* _Action item_
Could you restate word for word the lines running from the one with "Képek 100x60 Forró tánc Nő" to the end of the data, both ends included, but without pictures?

Captioned web image data
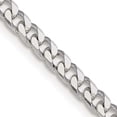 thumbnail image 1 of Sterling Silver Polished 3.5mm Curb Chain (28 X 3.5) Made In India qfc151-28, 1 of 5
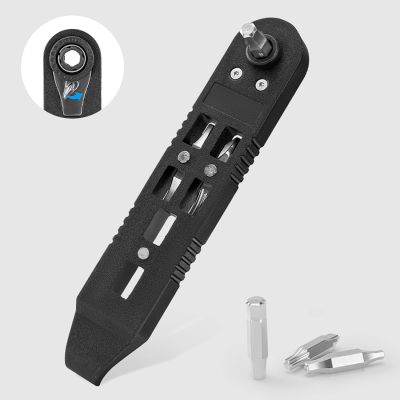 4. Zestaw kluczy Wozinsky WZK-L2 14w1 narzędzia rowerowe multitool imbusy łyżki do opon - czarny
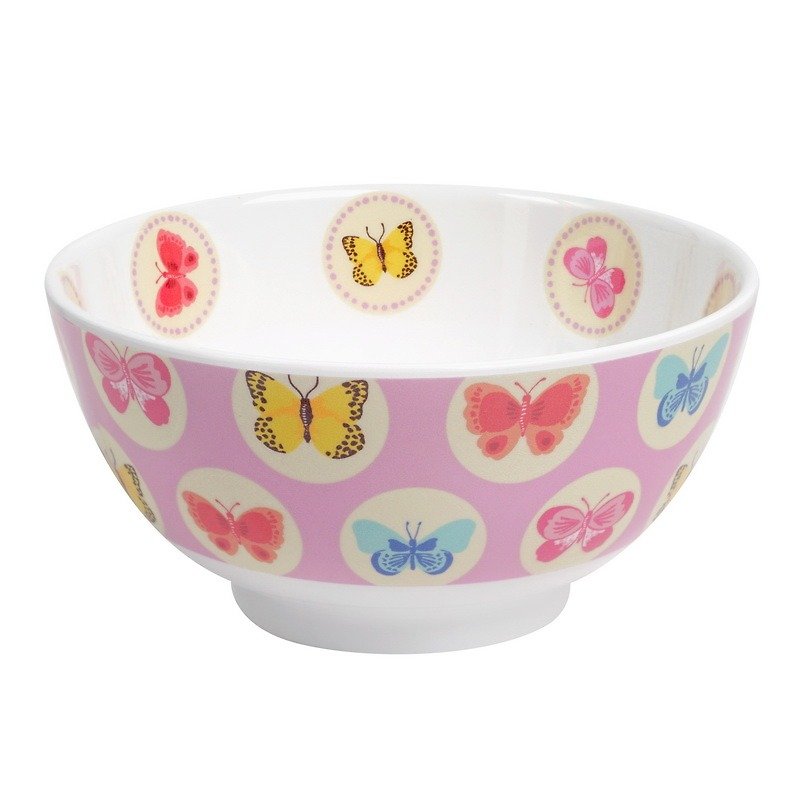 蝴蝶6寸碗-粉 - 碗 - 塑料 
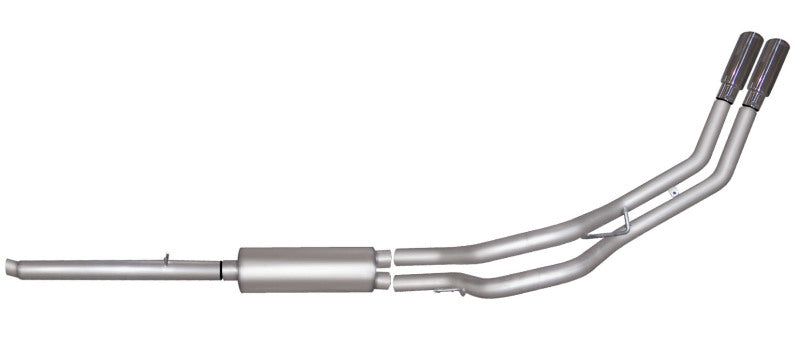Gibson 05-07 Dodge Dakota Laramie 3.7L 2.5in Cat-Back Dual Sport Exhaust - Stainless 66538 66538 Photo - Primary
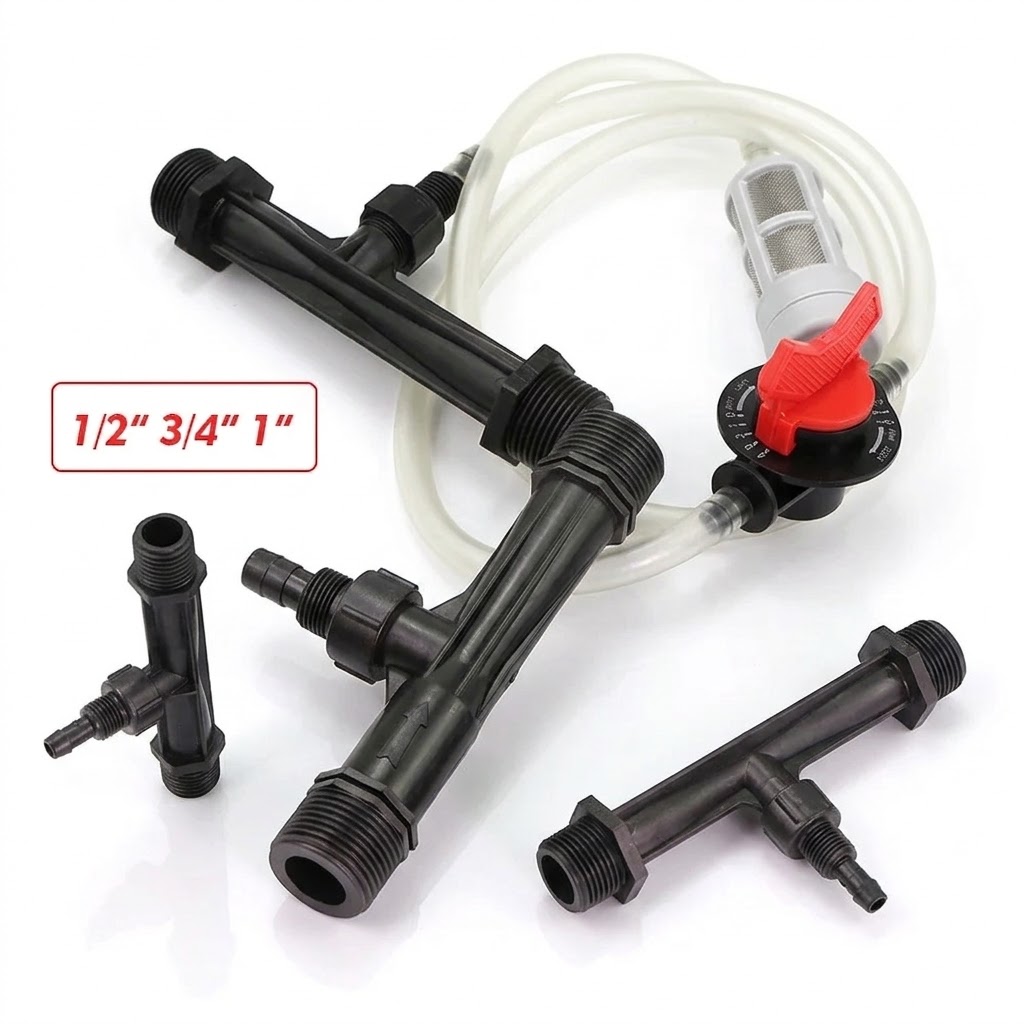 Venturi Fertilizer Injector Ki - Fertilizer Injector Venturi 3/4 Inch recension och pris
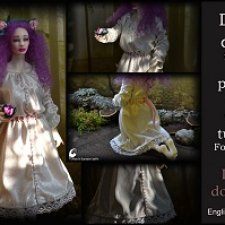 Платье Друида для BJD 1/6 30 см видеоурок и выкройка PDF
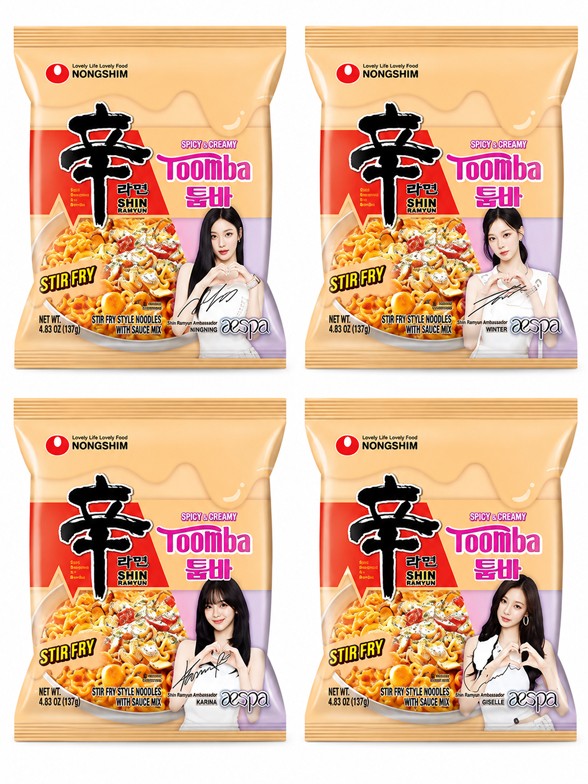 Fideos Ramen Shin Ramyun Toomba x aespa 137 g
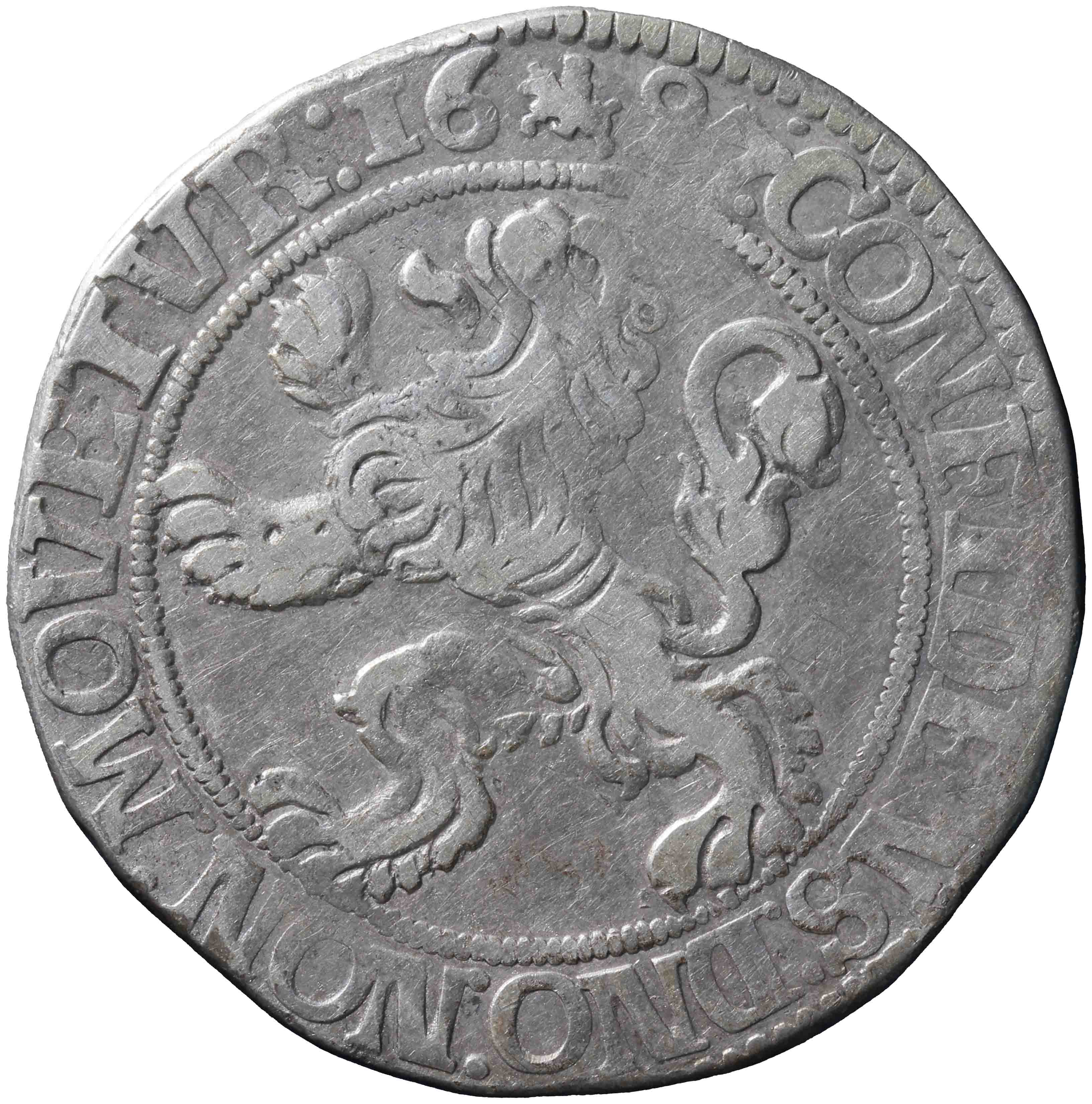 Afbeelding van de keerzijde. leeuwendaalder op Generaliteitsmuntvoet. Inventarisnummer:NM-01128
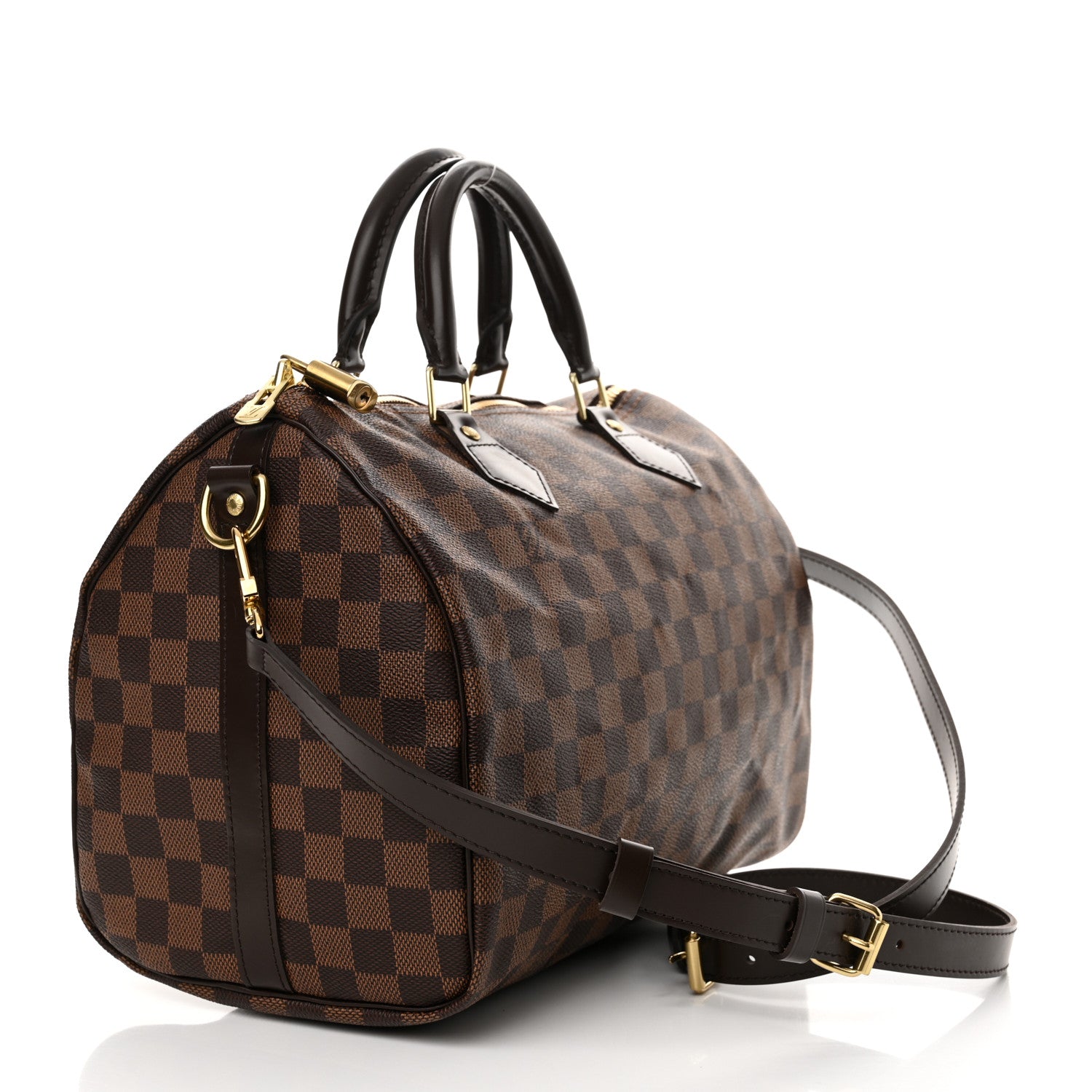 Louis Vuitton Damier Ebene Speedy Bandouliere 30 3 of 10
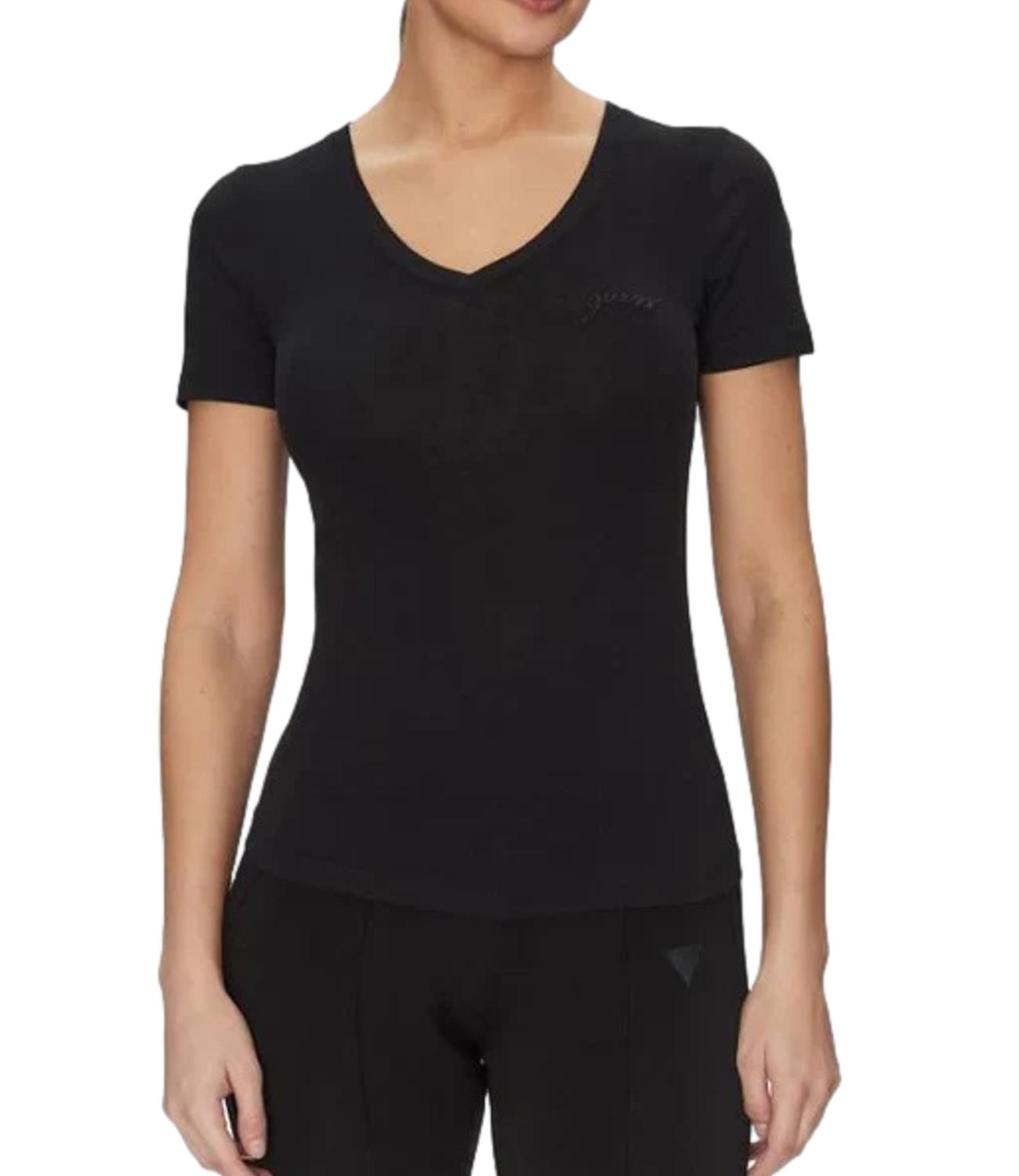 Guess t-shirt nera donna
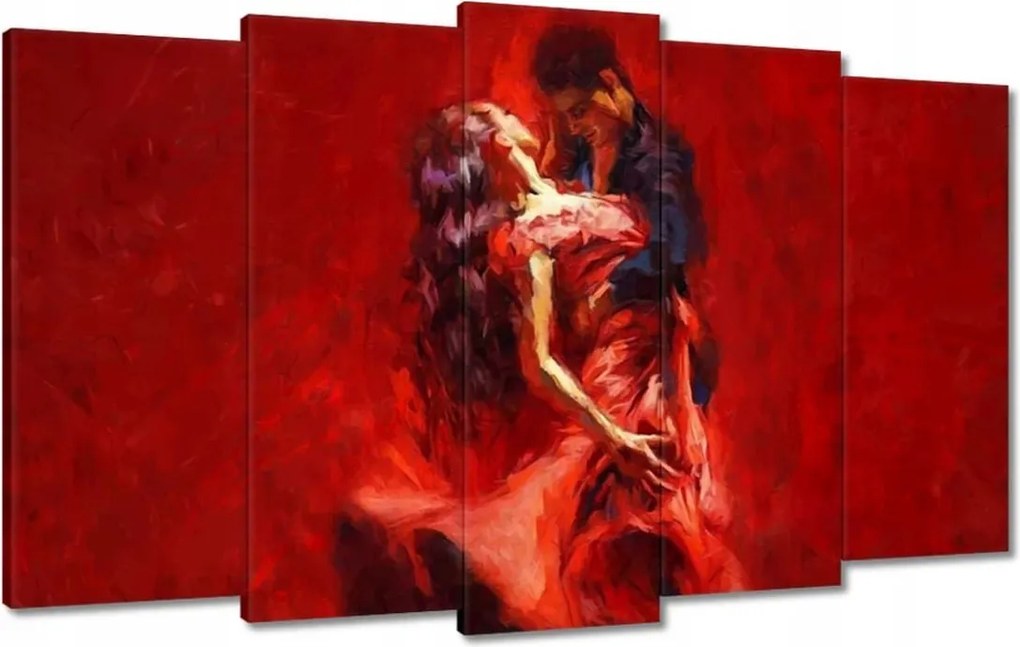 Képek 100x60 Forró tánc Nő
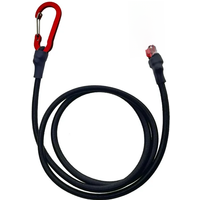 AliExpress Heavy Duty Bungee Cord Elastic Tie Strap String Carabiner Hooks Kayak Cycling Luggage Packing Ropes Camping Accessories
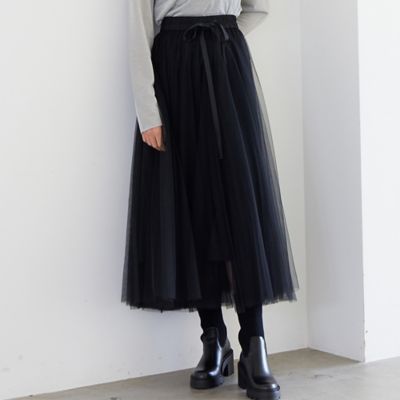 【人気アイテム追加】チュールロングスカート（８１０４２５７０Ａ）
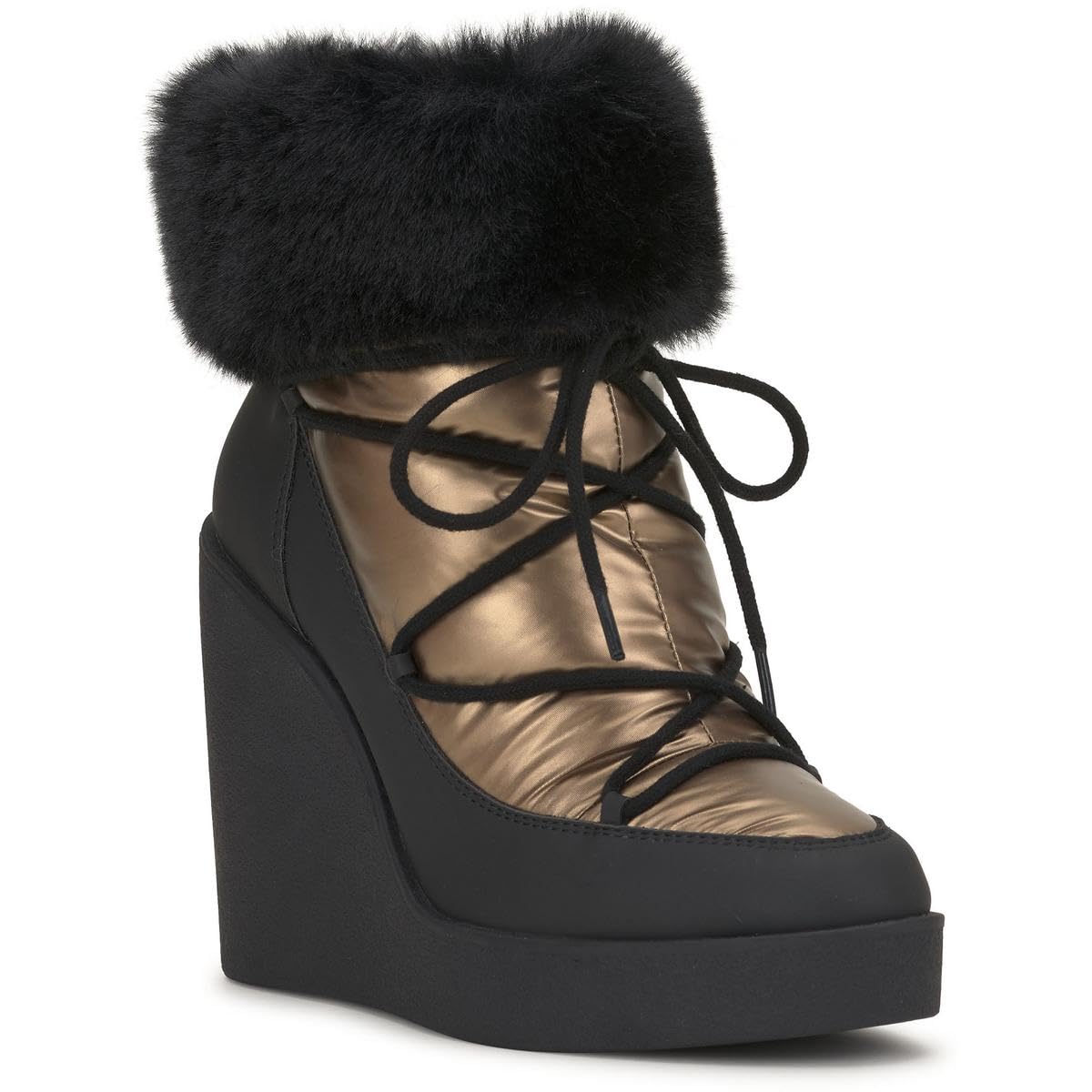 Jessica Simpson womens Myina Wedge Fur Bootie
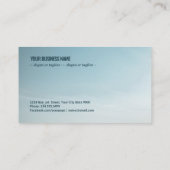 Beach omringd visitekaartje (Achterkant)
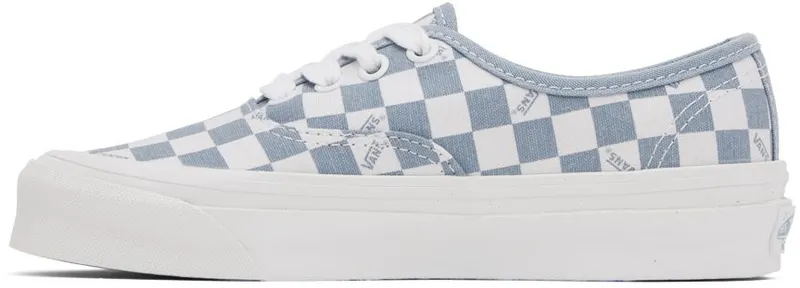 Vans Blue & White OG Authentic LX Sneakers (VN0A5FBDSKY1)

* _Reply to the exercise_
 Képek 100x60 Forró tánc Nő
 AliExpress Heavy Duty Bungee Cord Elastic Tie Strap String Carabiner Hooks Kayak Cycling Luggage Packing Ropes Camping Accessories
 【人気アイテム追加】チュールロングスカート（８１０４２５７０Ａ）
 Jessica Simpson womens Myina Wedge Fur Bootie
 Beach omringd visitekaartje (Achterkant)
 Vans Blue & White OG Authentic LX Sneakers (VN0A5FBDSKY1)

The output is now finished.